December 12, 2007, New York, NY – Today, the European Parliament adopted an amendment that calls for the resettlement in European countries of Guantánamo detainees who cannot return to their home countries for fear of torture. The resolution calls for the European Commission and the Council of Europe to “launch an initiative at the European and international level for the resettlement of Guantánamo prisoners from third states that cannot be returned to their countries of origin because they risk being persecuted or tortured.”
According to Center for Constitutional Rights (CCR) attorneys, there are approximately 50 detainees at Guantánamo from “high-risk” countries where, should they be forcibly returned, they would be in danger of persecution or torture. Detainees at risk include those from countries such as Uzbekistan, China and Libya.
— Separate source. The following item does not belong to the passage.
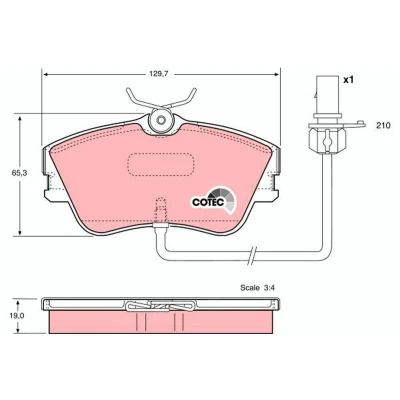 Image of 7D0698151B, 7D0698151G Brake pad set TRW COTEC GDB1367 incl. wear warning contact VOLKSWAGEN: Transporter 4, 4 Bus,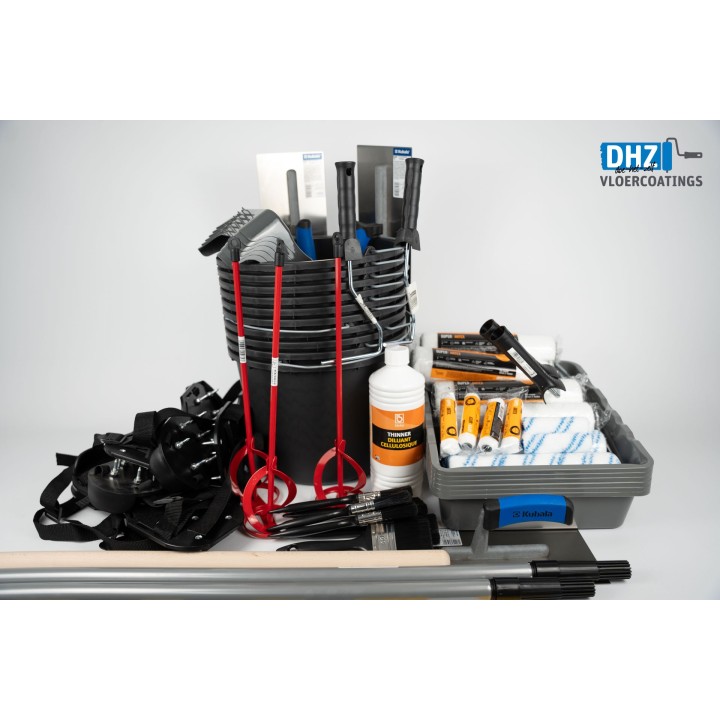 Materialenpakket GROOT (3-4 p) | DHZ Duoflow UV (vloeistofdichte waterpas tegels & ruwe zandcementdekvloer)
Attorneys say the threat to their life and safety is very real: without any process to determine whether an individual would be at risk, the United States has already sent nearly 40 detainees to human rights abusing countries, including Uzbekistan, Russia, Libya and Tunisia. CCR, which coordinates the representation of Guantánamo detainees, wrote a report about this issue, “Guantánamo’s Refugees: Trapped by Inaction” (available on the CCR website).
CCR applauds the decision of the European Parliament to work towards the safe resettlement of the men at Guantánamo who cannot return to their home countries.
“The United States has twice tried to send one of our clients to Libya despite verifiable fears of torture or even execution if he were forcibly returned there. European intervention is necessary to ensure that individuals are not transferred to torture,” said CCR attorney Emi MacLean. “European Union countries have stated that the United States should shut down Guantánamo. Now they should help make progress towards that goal by opening their doors to Guantánamo's refugees: the detainees who can't be sent to their home countries for fear of torture there.”
To date, Albania – one of the poorest countries in Europe – has been the only country that has accepted a small number of Guantánamo’s refugees who could not safely be returned to their home country. In early August, in a landmark policy change, the British government also called for the release of five non-citizens currently detained in Guantánamo and stated that it would accept them into the UK. Four of these men had previously applied for or been granted asylum due to fears of persecution in their home countries; three are expected to be released to the UK before the end of this year. Sweden is also currently considering the asylum application of Adel Al-Hakim, a Chinese Uighur who was detained at Guantánamo until the middle of 2006 when he was brought by the United States to Albania. Mr. Al-Hakim has a sister living as a refugee in Sweden – his only family outside of China.
CCR represents several men at Guantánamo who fear they will be tortured if returned to their home countries, including Libyan detainee Abdul Ra’ouf Al Qassim. In 2006, the U.S. government officially cleared Mr. Al Qassim for release from Guántanamo. The military, however, is seeking to transfer him to the custody of the human rights abusing regime of Colonel Muammar Al Qadhafi, where Mr. Al Qassim would face almost certain torture and persecution.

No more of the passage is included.